**What the task requires**
Exactly reproduce the lines of the listing below from the one containing "For Acura Chevy" through the one containing "Black Finished Polypropylene". Skip the images.

**Extracted information**
== Segment start ==
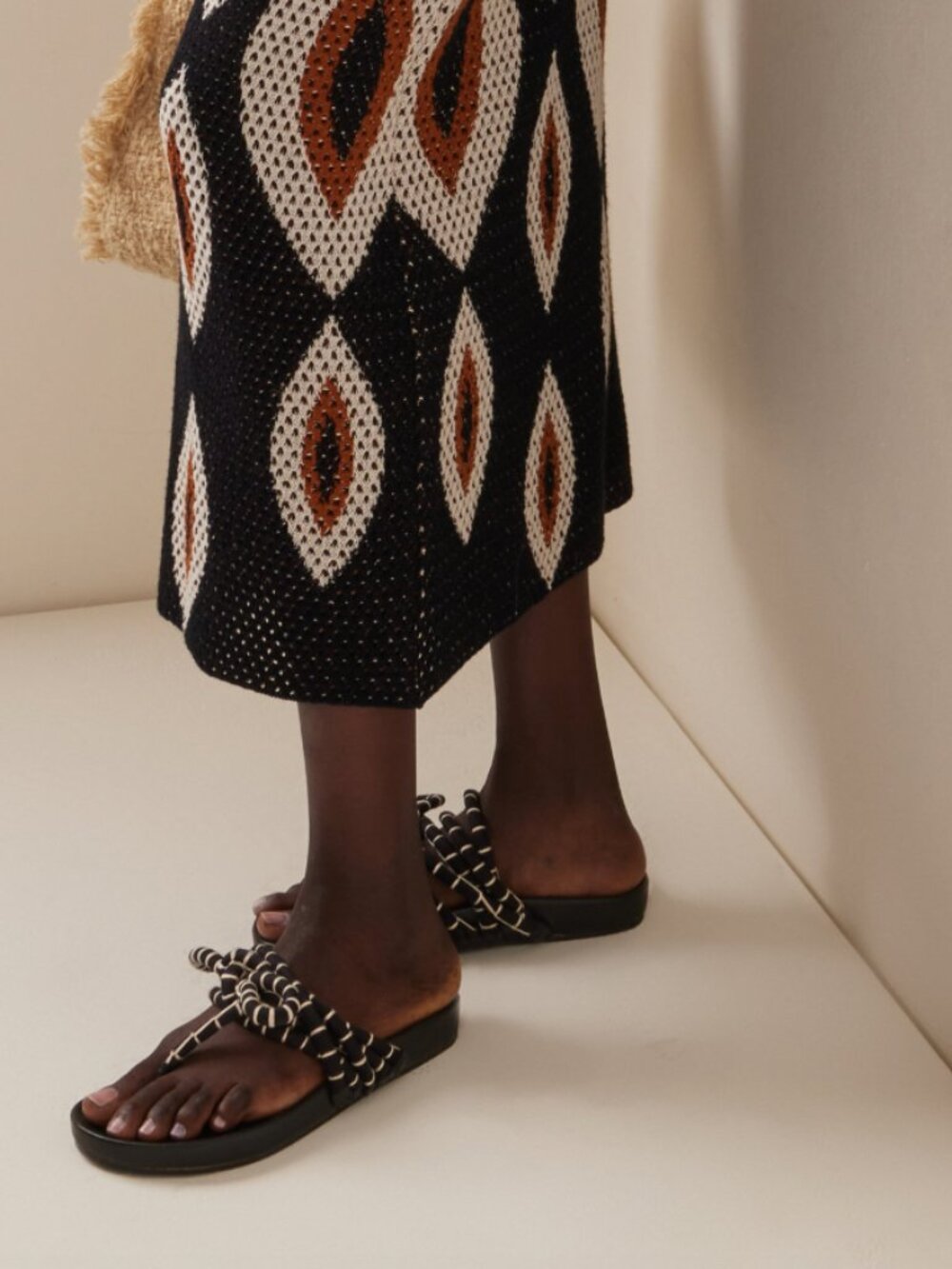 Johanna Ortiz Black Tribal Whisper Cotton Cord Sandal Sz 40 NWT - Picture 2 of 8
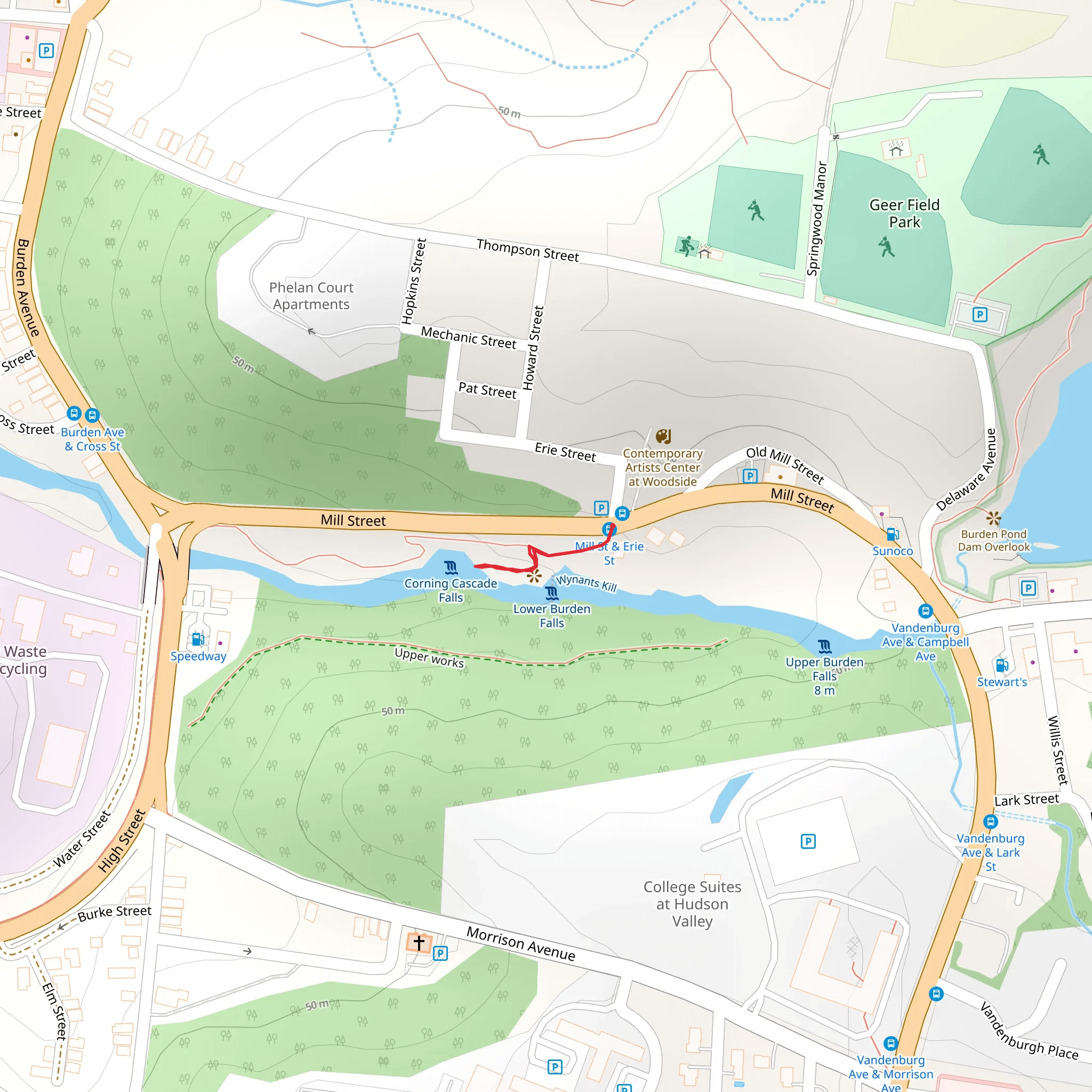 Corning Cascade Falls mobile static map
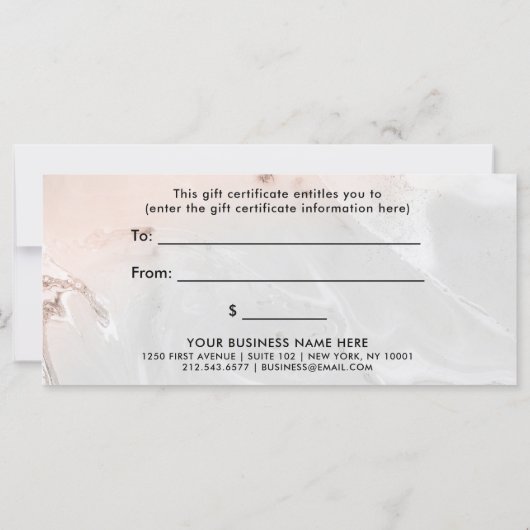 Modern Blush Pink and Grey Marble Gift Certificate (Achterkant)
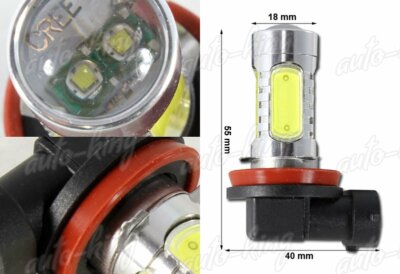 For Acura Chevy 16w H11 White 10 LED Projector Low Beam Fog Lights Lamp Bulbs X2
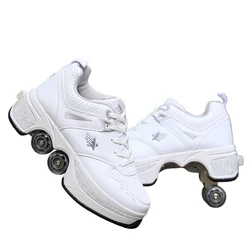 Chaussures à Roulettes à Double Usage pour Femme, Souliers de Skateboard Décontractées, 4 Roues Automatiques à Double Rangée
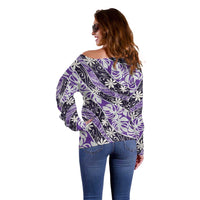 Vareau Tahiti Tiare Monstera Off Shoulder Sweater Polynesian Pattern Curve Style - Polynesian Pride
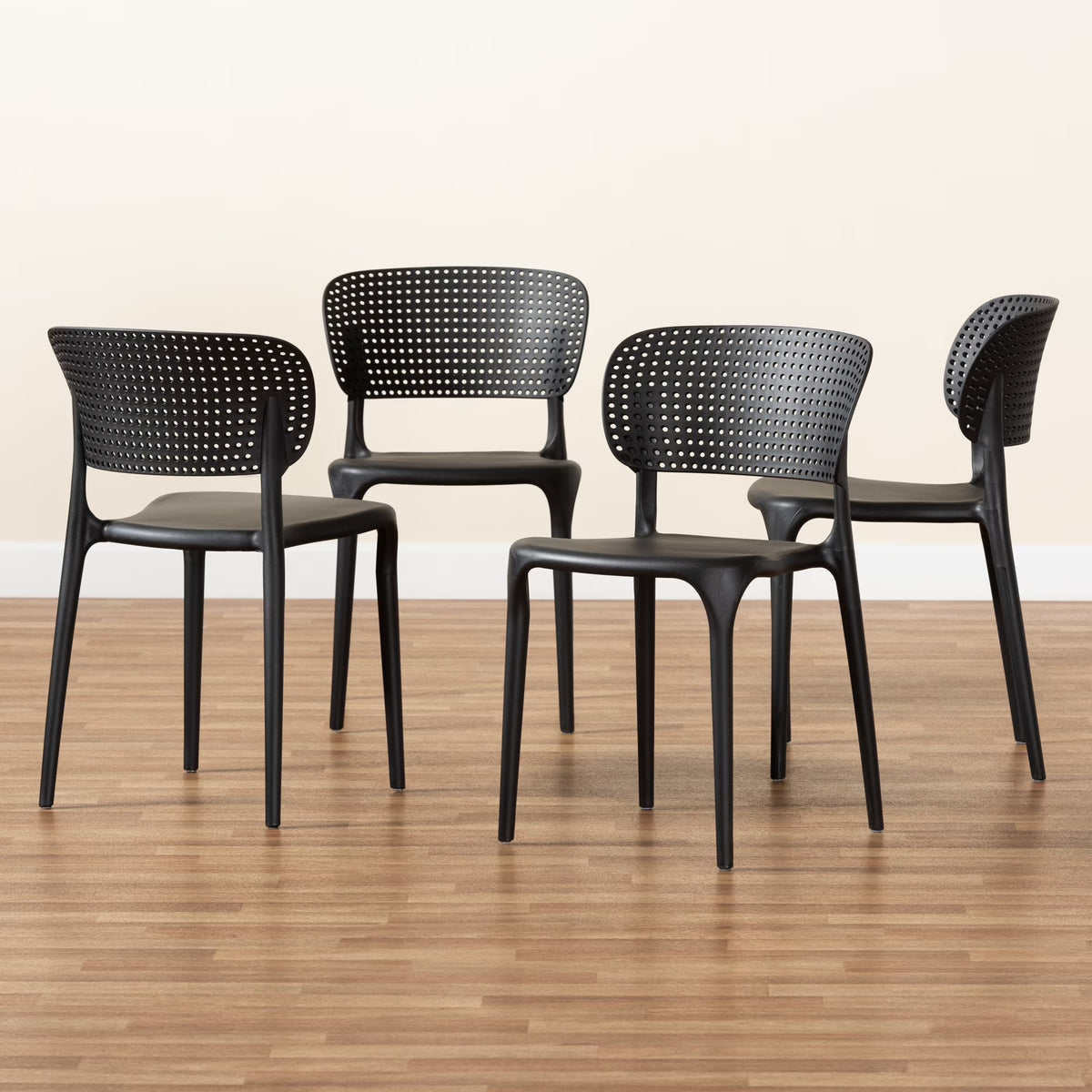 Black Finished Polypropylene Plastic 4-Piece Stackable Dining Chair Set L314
== Segment end ==
== Segment start ==
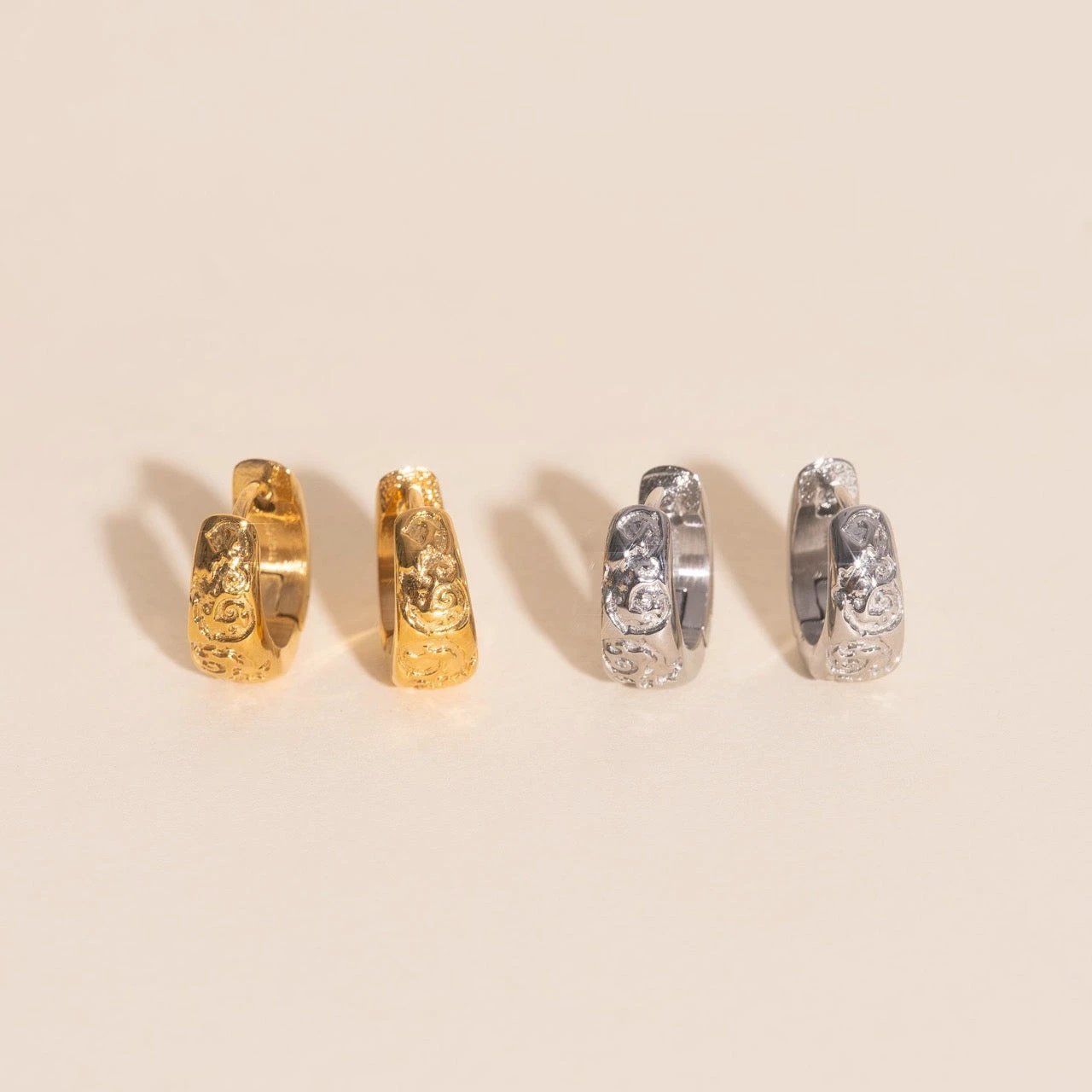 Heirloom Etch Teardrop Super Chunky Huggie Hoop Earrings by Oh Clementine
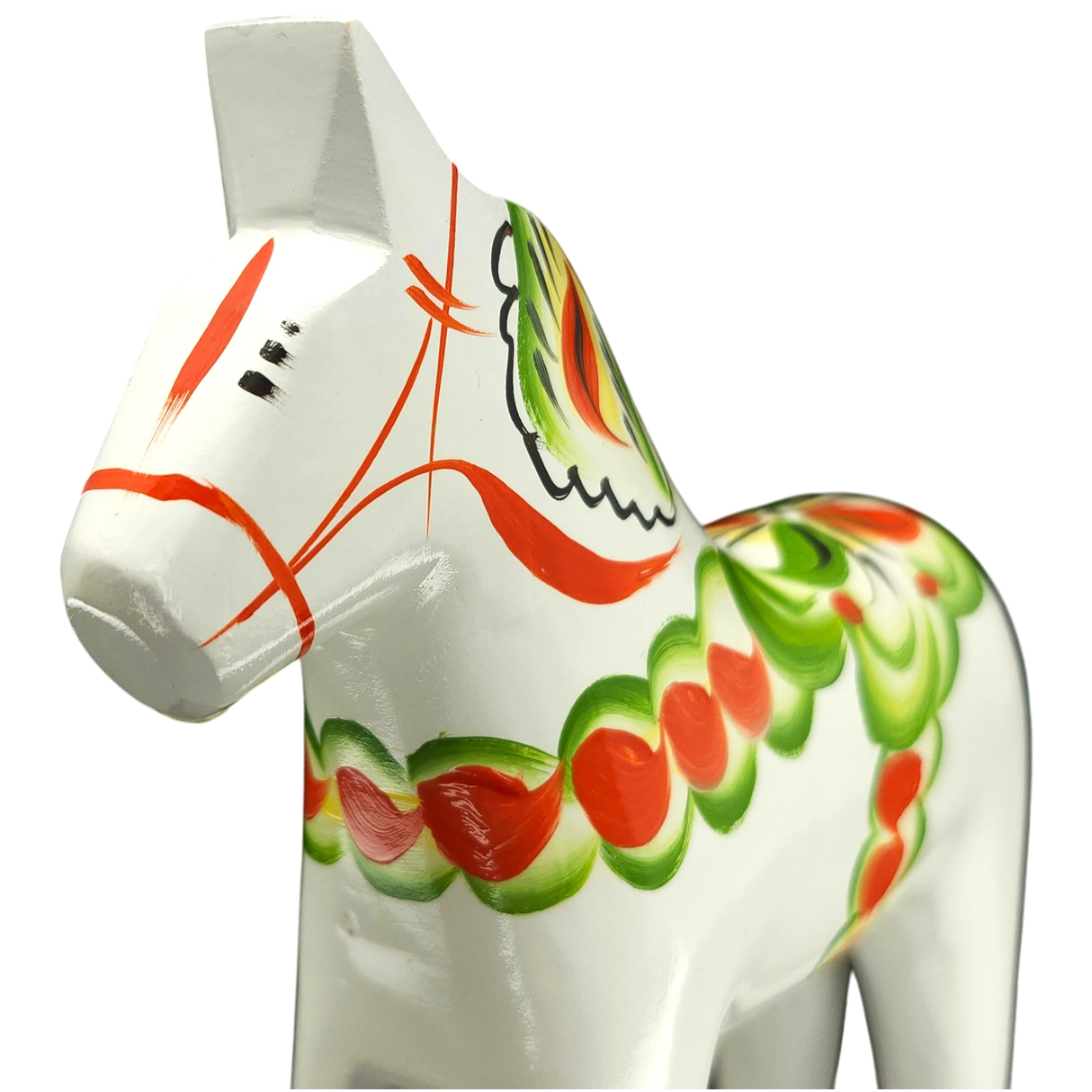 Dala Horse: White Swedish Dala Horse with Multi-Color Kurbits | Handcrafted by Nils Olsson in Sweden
== Segment end ==
**Task answer**
 For Acura Chevy 16w H11 White 10 LED Projector Low Beam Fog Lights Lamp Bulbs X2
 Chaussures à Roulettes à Double Usage pour Femme, Souliers de Skateboard Décontractées, 4 Roues Automatiques à Double Rangée
 Vareau Tahiti Tiare Monstera Off Shoulder Sweater Polynesian Pattern Curve Style - Polynesian Pride
 Black Finished Polypropylene Plastic 4-Piece Stackable Dining Chair Set L314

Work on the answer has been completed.